There’s been a lot of talk in recent years about the future of self-driving cars, but that’s to this point been pretty limited as far as actually coming to fruition.
The hope, with the widespread implementation of self-driving cars, is that it would reduce collisions and deaths from some of the most common types of car accidents.
With that in mind, what’s the state of driverless technology right now?
Silicon Valley’s Still Working
Now that we’re in 2021, most tech gurus had predicted we’d already be fully immersed in the benefits of driverless cars, but that’s not the reality. Rather than that, there have been injuries and deaths, many billions of dollars spent, problems with technology and court battles.
Originally, Lyft and Uber were working on driverless technology, but it seems they’ve run out of money to keep going.
Lyft recently sold its autonomous vehicle unit to Woven Planet, a subsidiary of Toyota. Uber got rid of its unit to another competitor.
Three other startups have recently sold to companies with bigger budgets.
It’s estimated that the companies that stay in the game will spend up to $10 billion each before the technology becomes widespread, and that won’t be until the end of the decade based on current predictions, but maybe even longer.
This is surprising to many considering Elon Musk said in 2015 that fully functional self-driving vehicles were two years away. Now, we’re more than five years out from that prediction, and Tesla does have some autonomous capability but only on highways. There have also been several high-profile and deadly crashes, which Tesla has attributed to misuse of the technology rather than the technology itself.
Has Elon Musk Been Exaggerating All Along?

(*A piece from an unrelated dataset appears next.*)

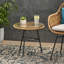 Table d'appoint minimaliste avec structure stable en verre trempé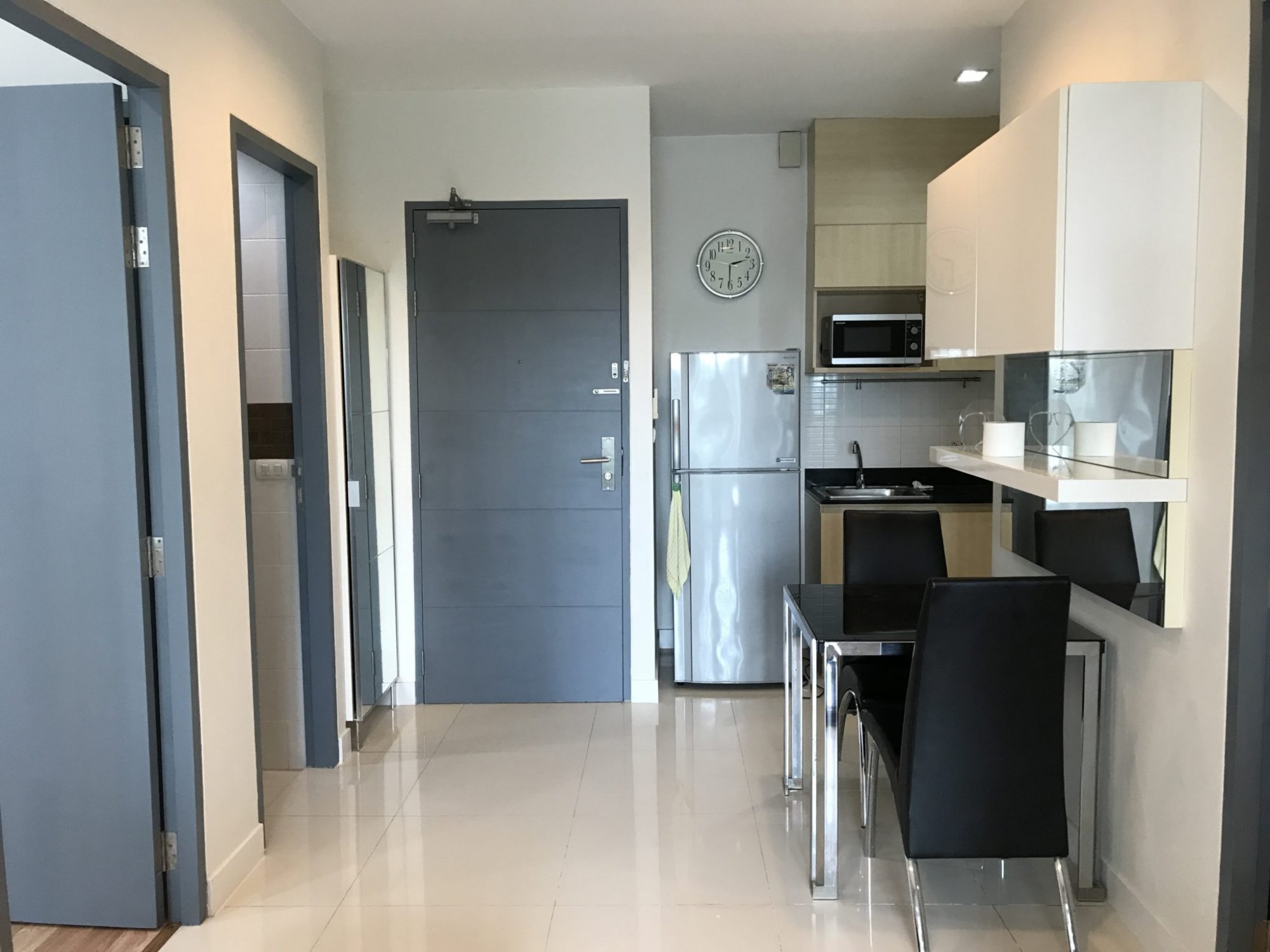 ปล่อยเช่า Ideo Verve ในราคาเพียง 25,000บาท/เดือน 2 ห้องนอน 2 ห้องน้ำ 57ตรม. ใกล้ BTS อ่อนนุช เฟอร์นิเจอร์ครบพร้อมเข้าอยู่ (ราคาต่อรองได้) PROP000678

The director of Autopilot software recently told the California Department of Motor Vehicles that Elon Musk has been exaggerating the abilities of the company’s advanced driver assist system.
It was the most recent highlight of the gap between what Musk says in public about Autopilot and Autopilot’s actual abilities and functionality.
This disclosure was made after Tesla was facing heat from a crash in Texas where two men were killed. There was no one in the driver’s seat of the Tela.
A California DMV memo said that Tesla is at Level 2 right now. That means their technology is semi-automated and does require human supervision.
However, in January, during an earnings call, Musk said to investors that he was very confident a vehicle would be reliably driving itself this year.
Tesla would need Level 5 autonomy for cars to drive themselves without human supervision, and that’s highly unlikely this year.
The Technology Explained
There are a lot of terms that are used interchangeably, but they’re actually distinctive. For example, a fully autonomous car not requiring a human behind the wheel is still in the development phase.
However, many cars on the roadways right now are equipped with some level of semi-autonomous technology.
These are the safety and technology features that use sensors to determine what’s going on around a vehicle on a roadway. There are also features that allow vehicles to make decisions.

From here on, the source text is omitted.